Next, they want to use male hierarchical power to silence any dissent within the largest body of nuns in America.  If the lay people of this church are not buying what this church is selling and now if the nuns are not buying what this church is selling, perhaps the bishops might ask themselves whether they have truth on their side.  No, truth is not determined by majority vote, but truth can be distorted by those who think they possess it just as quickly and just as surely as it can be by those who find its tenets no longer self-evidently true.
During his unsuccessful run for the Republican presidential nomination, Senator Santorum also complained that 60% of those who enter a college or a university with a strong religious faith had that faith challenged, disturbed or destroyed by what the senator described as “liberal secular professors.”  It did not seem to occur to the senator that maybe these students’ “strong faith” was based on concepts that are either dated, immature or simply wrong.  Is knowledge in the future in our universities to be bent so as not to offend the naïve faith of some religious believers?  Are we ready to put the Catholic Church in charge of discerning all truth?  Was this Church not wrong about Galileo, about Darwin, about Hans Kung?  Are they not wrong about women, about birth control, about celibacy, about homosexuality, about mental illness and about left-handedness?  Has not the papacy itself owned slaves in its history?  Have we not had enough inquisitions, crusades and religious wars to make us loath to return to the Middle Ages?  Do we wish to cancel the Enlightenment in order to preserve the faith of the Catholic Church as it is interpreted by this Pope, rooted as he obviously is in a world that no longer exists?
Where was this passion for truth and for the exercise of moral leadership when priests were abusing children and the hierarchy was covering it up?  Why is Cardinal Bernard Law, the prelate guiltier than any other of covering up that scandal, in a senior Vatican position where he will never have to be called to testify under oath for his criminal behavior?
The last thing I want to see is divisive, religious hostility present in our American body politic, nor do I want to see this nation get to a place where we decide that a person is not fit to serve in any public office because of his or her religion.  If the Catholic bishops, however, keep trying to impose their agenda on this nation, that is what they will bring about.  This nation will be a poorer nation if devout Catholics are excluded from public service. That would remove people like Speaker John Boehner, Senator John Kerry, Vice-President Joe Biden, Chief Justice John Roberts and a long list of other high ranking officials of both parties.  We are not at this point yet, but if the Catholic bishops, spurred on by the Vatican, continue to walk the path on which they now seem to be embarking, they will inherit the wind and reap the whirlwind.
Those vital nuns are now on the battle line facing this out-of-touch male hierarchy. I predict, however, that the nuns will ultimately prevail. The Vatican has never understood either feminine wiles or the fact that truth cannot be finally trampled in the service of institutional power.
~John Shelby Spong
Read the essay online here.
 
John Shelby Spong Lectureship 2012: James Carroll at St. Peter's on May 17

Noted author, historian and journalist, James Carroll, will speak at St. Peter’s Morristown on Thursday May  17 at 7:30pm in the evening.

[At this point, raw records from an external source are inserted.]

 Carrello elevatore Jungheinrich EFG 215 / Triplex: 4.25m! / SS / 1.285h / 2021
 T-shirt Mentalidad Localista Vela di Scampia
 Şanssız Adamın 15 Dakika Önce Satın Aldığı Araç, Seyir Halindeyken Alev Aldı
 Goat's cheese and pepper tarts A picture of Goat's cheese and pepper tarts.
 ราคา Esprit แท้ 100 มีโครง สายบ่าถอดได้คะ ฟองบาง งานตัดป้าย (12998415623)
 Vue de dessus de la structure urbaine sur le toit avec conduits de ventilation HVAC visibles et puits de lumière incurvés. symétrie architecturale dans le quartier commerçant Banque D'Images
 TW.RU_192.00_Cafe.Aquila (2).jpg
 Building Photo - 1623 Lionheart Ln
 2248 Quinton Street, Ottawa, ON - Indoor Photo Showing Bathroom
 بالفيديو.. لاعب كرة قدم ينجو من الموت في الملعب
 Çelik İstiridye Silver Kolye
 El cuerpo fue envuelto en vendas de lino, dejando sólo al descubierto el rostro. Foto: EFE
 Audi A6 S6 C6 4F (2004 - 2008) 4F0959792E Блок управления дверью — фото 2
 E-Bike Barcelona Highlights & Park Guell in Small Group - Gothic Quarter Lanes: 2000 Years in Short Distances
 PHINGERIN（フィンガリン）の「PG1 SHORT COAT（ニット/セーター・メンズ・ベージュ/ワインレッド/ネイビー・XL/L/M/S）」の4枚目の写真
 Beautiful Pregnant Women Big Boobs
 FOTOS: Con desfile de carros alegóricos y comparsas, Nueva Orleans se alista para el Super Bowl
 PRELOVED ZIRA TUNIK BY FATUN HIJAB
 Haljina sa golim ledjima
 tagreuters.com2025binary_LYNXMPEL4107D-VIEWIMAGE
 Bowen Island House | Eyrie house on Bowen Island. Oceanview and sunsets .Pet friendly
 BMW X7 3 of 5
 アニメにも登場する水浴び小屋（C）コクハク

Mr. Carroll, is the Scholar-in-Residence at Suffolk University, holder of the 2011 Alonzo L. McDonald Family Chair at Emory University, and a columnist for the Boston Globe. He is author of ten novels and six works of non-fiction, including “Jerusalem, Jerusalem: How the Ancient City Ignited Our Modern World” (2011).

Born in Chicago in 1943, Carroll attended Georgetown University before entering the seminary to train for the Catholic priesthood. He received BA and MA degrees from St. Paul’s College, the Paulist Fathers’ seminary in Washington, and was ordained to the Catholic priesthood in 1969. Carroll served as Catholic Chaplain at Boston University from 1969 to 1974, then left the priesthood to become a writer.

Carroll's works include the National Book Award winning "An American Requiem"; the New York Times bestselling "Constantine's Sword", now an acclaimed documentary; "House of War", which won the first PEN-Galbraith Award; and "Practicing Catholic".  His most recent book is "Jerusalem, Jerusalem: How the Ancient City Ignited Our Modern World", which was named a 2011 Best Book by Publishers Weekly. Mr. Carroll lectures widely, both in the United States and abroad.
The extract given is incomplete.